Practice receiving your friend’s dump with a open listening heart
Repeat and receive as needed!
Getting these feelings out is important, otherwise they get stuck inside. Even if you say it outloud in the kitchen with no one to hear - it’s better than nothing! Handwriting on paper is also a way of processing through the thoughts and feelings you’re going through. But there is something about having a witness that I believe makes it less lonely and more effective, which is why I highly recommend The Anxiety Dump method. Plus, it’s a wonderful way to stay connected to a friend throughout our busy lives.
A note on your partner -
Now, In some cases, if you don’t currently have an available close friend to share this with, it can be your partner. But if so, the same rules apply: no advice, no judgment. Ask your partner to leave you a message and vent around the anxieties that are coming up. It can give you greater insight into your partner and what they are managing. It sheds the stress. It makes it harder when you don’t talk about it.
And let’s be real - it can be hard to get vulnerable and share so openly! Some people have a real difficult time doing it because it takes a lot of trust in the other person - that they aren’t going to think you’re crazy or judge your marriage etc. Be gentle with yourself in this process.
So your homework, should you choose to accept the assignment, is to find an anxiety dump partner and try this process out!

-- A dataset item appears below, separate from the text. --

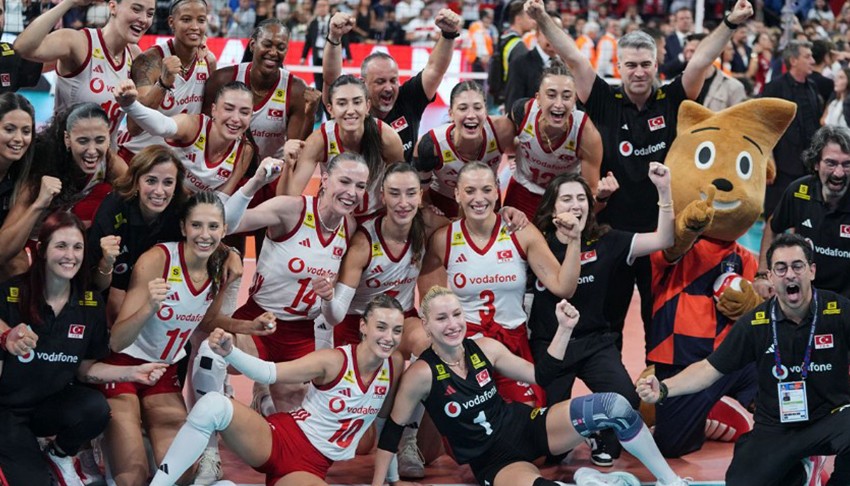 Avrupa �ampiyonu Filenin Sultanlar� man�etlerde | Spor man�etleri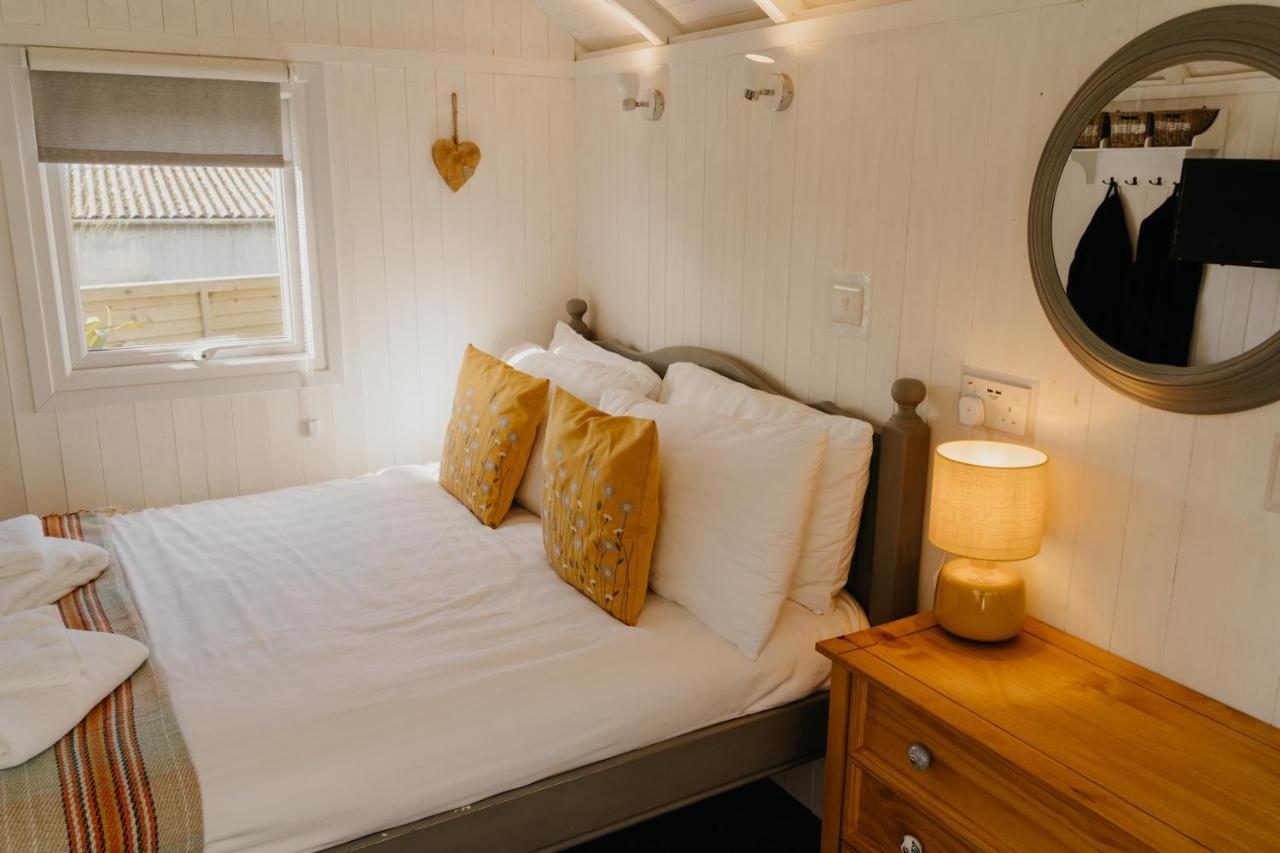 Little England Retreats - Cottage, Yurt And Shepherd Huts Othery Ngoại thất bức ảnh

As I teach in my Relationship Revival Course, vulnerability and connection are truly the solution to most of what ails us in our relationships. I’d love to support you in a more authentic connection in YOUR relationship!
To your connection,
Andrea
Feedback like this is exactly why I created my 4 week course and exactly why I’m running it again soon! We all deserve to feel less edgy, less lonely, and more joyful in our relationships and in life. If you’re curious about joining us, click here to get on the waitlist!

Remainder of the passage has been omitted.